You would be forgiven if the first thing you thought of “Canadian flavoured vodka” was of a mass-produced cheap liquor, with flavours added after the distillation process.
But the folks at Yukon Brewing want to change that. Last week, they hosted a tasting event atop the High Level Streetcar to introduce Edmonton media, bartenders, liquor store owners and restaurateurs to Solstice, a vodka with strong hints of sage, raspberry and rosehip.
The brewery, located in Whitehorse, has a new German still — and has been able to convert beer distillers into vessels to make spirits. A whisky is on the way, but Yukon’s first entry into Edmonton liquor stores will be the vodka.

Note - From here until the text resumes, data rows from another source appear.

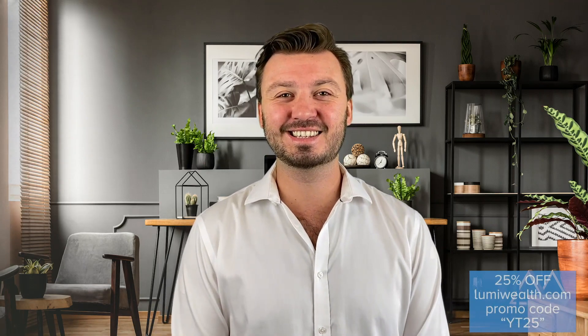A lot of the lectures are around Python. We have courses on there — some are free and some are paid. You can use the coupon YT25, which will be in the description, to get 25% off all the courses on the website.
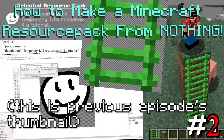Hey there, Doctor here, and welcome back to the second part of how to make a Minecraft resource pack from nothing. It's been a year since I did the last one, but anyway, where we left off, we went over the basic steps to creating a resource pack, creating the pack.mcmeta file, making the pack icon, and making our first block texture, which is this green ladder here as you can see in the thumbnail.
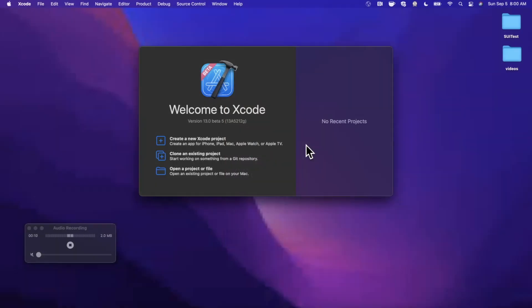Welcome back to the channel. In today's video we're going to be learning about protocol extensions and how you can use them to genericize your code. It's a bit of an abstract topic so we're going to jump right into it so we can see it in action. Drop a like down below, hit subscribe.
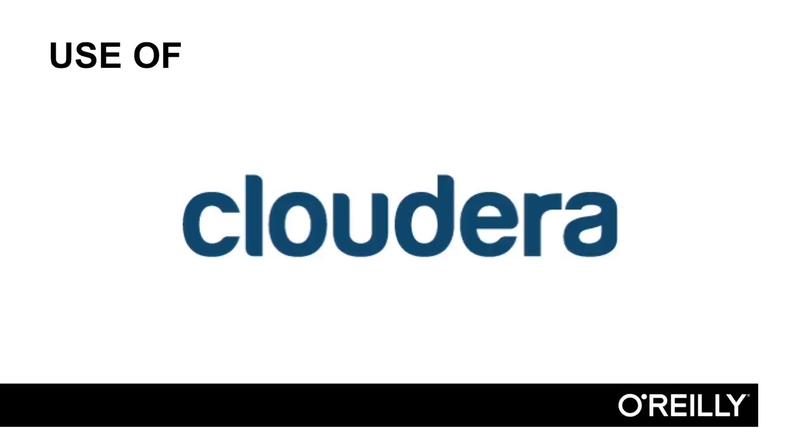I selected Cloudera for exclusive use in this course for a few reasons. First, it's my experience with Hadoop. I've been at Cloudera for five years, and my experience with Hadoop is exclusively with Cloudera's distribution and product line. It's what I know. I'm biased towards it, but it's also the most widely adopted and deployed commercial Hadoop distribution.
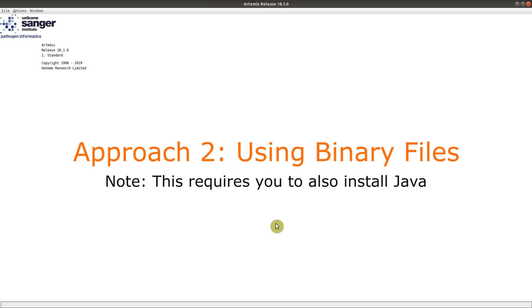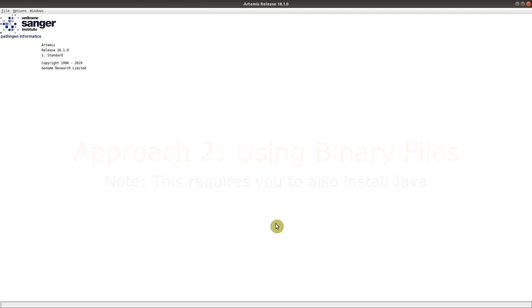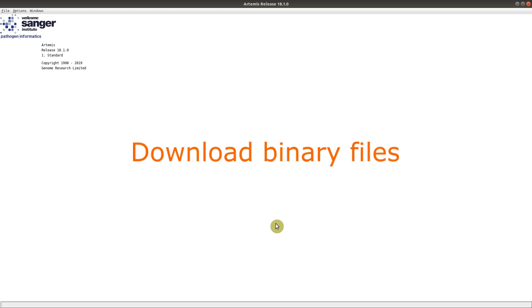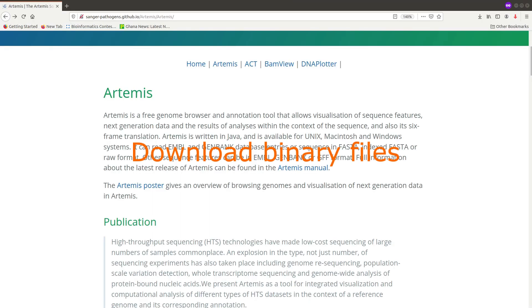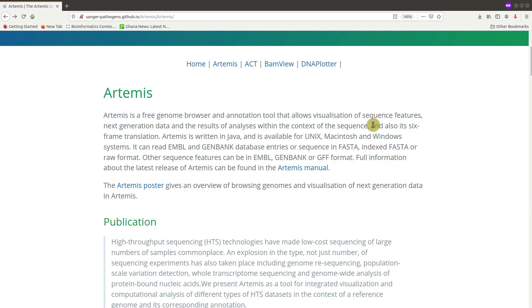So now to download the binary files, we go to the download page. So that's where we will go now. So this is the download page for Artemis. I will also leave the link in the description box so that you can quickly visit the link if you want to use the binary file.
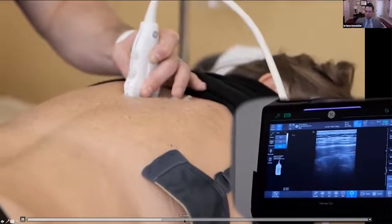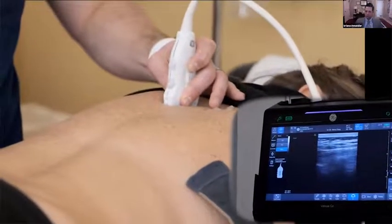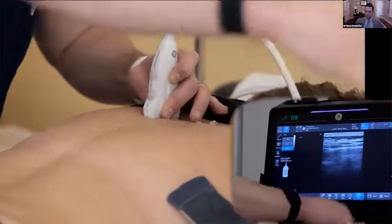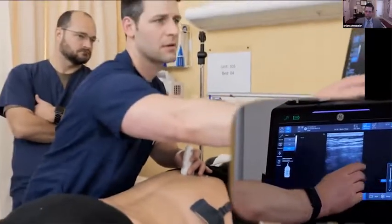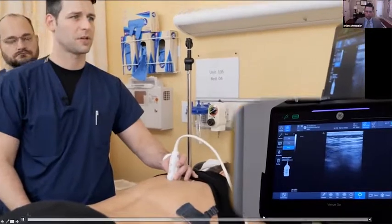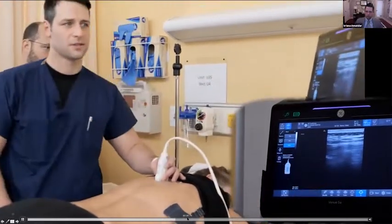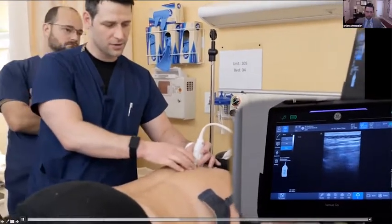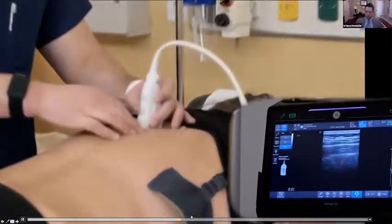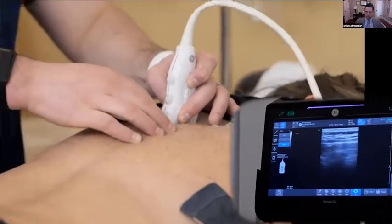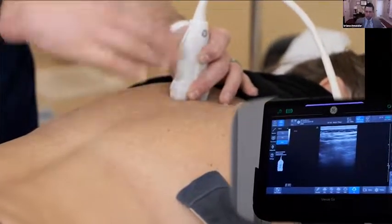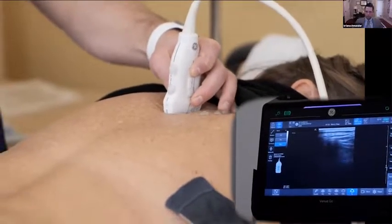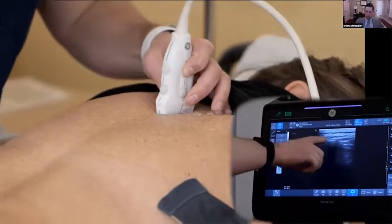If you slide even more laterally, you end up on the rib and can see the pleura underneath. Ask the patient to take a big deep breath and you can see the pleura move — that means you're too far lateral. It's subtle; going from transverse process to rib is not very far. I'll do both sides from the same side, so I'll just come back to the spinous process. There it is — a big white line representing the spinous process.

We got a chance to sample the vodka aboard the red 1970 German-made streetcar the Edmonton Radial Rail Society salvaged and put into use. In fact, the restoration job they did is so good, the Germans now want the streetcar back, but there’s the matter of a prohibitive six-digit shipping charge to send it back across the ocean.
The sage, raspberries and rosehips are distilled, not flavour additives. And that means the fruity notes are present in the aftertaste, but aren’t dominant or cloyingly sweet. Personally, I find this a nice, smooth vodka to drink with a cube of ice to slightly lower the alcohol percentage, whichs opens up the flavour. Pretty well everyone around me said the first thing they noticed was the sage flavour. I found the fruit was more dominant. You’ll have to decide.
The event was catered by the Manor Bistro, which is introducing a new menu. Chef Alex Sneazwell created some great appetizers, including a vodka soaked Arctic char. The fish was brought in from the Yukon and then kissed with the Solstice.